Task directions =>
Directions for the data below: repeat exactly the lines from the one with "Furnished Apartment For" through the one with "IL MIO PRIMO", both included, and omit all pictures.

(Given data)

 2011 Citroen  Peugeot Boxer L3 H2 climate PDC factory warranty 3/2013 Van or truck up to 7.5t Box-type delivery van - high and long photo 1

(End Given data)
(Given data)

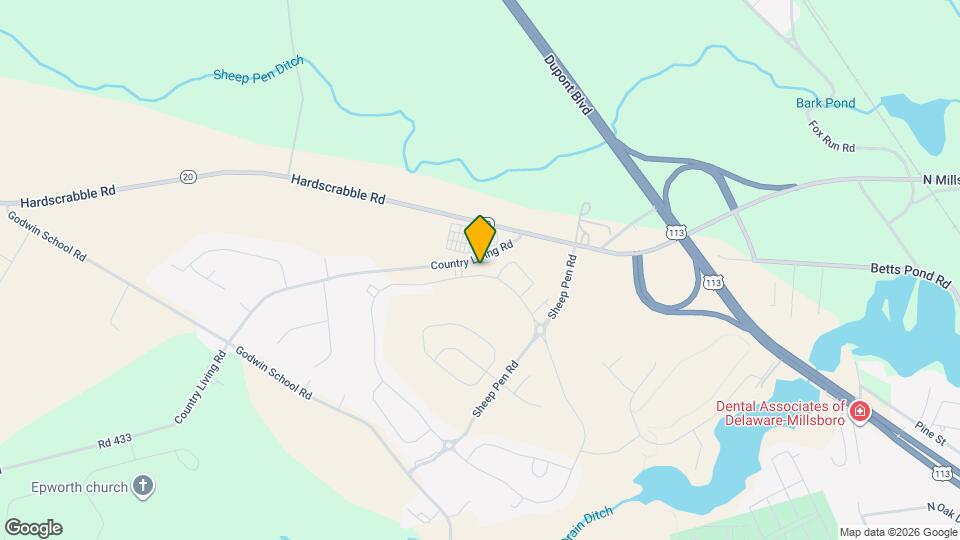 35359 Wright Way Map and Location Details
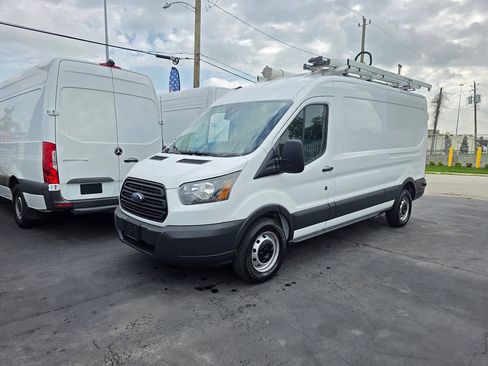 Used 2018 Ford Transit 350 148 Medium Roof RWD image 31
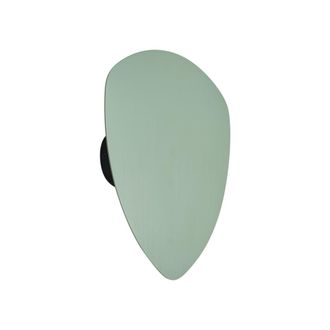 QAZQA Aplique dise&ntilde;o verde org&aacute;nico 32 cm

(End Given data)
(Given data)

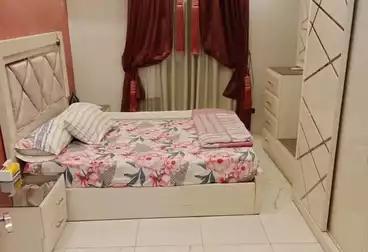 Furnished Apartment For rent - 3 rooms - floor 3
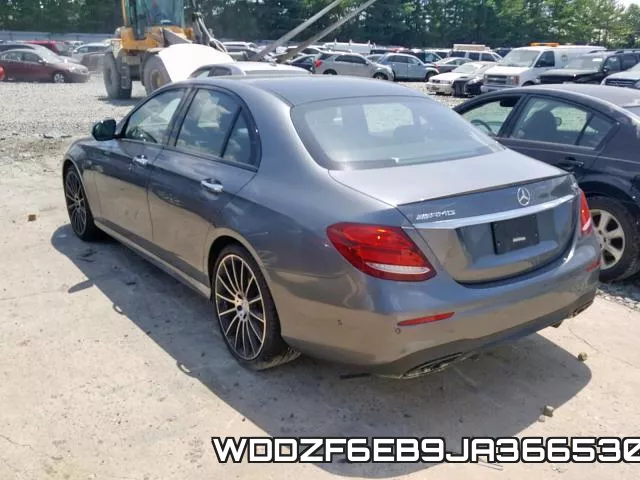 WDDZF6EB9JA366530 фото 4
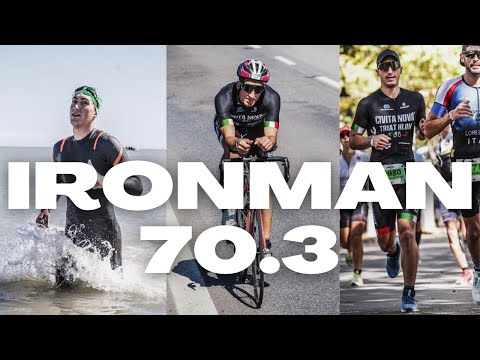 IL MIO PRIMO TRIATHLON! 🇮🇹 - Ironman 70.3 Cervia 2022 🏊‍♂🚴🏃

(End Given data)

Response to this task =>
 Furnished Apartment For rent - 3 rooms - floor 3
 WDDZF6EB9JA366530 фото 4
 IL MIO PRIMO TRIATHLON! 🇮🇹 - Ironman 70.3 Cervia 2022 🏊‍♂🚴🏃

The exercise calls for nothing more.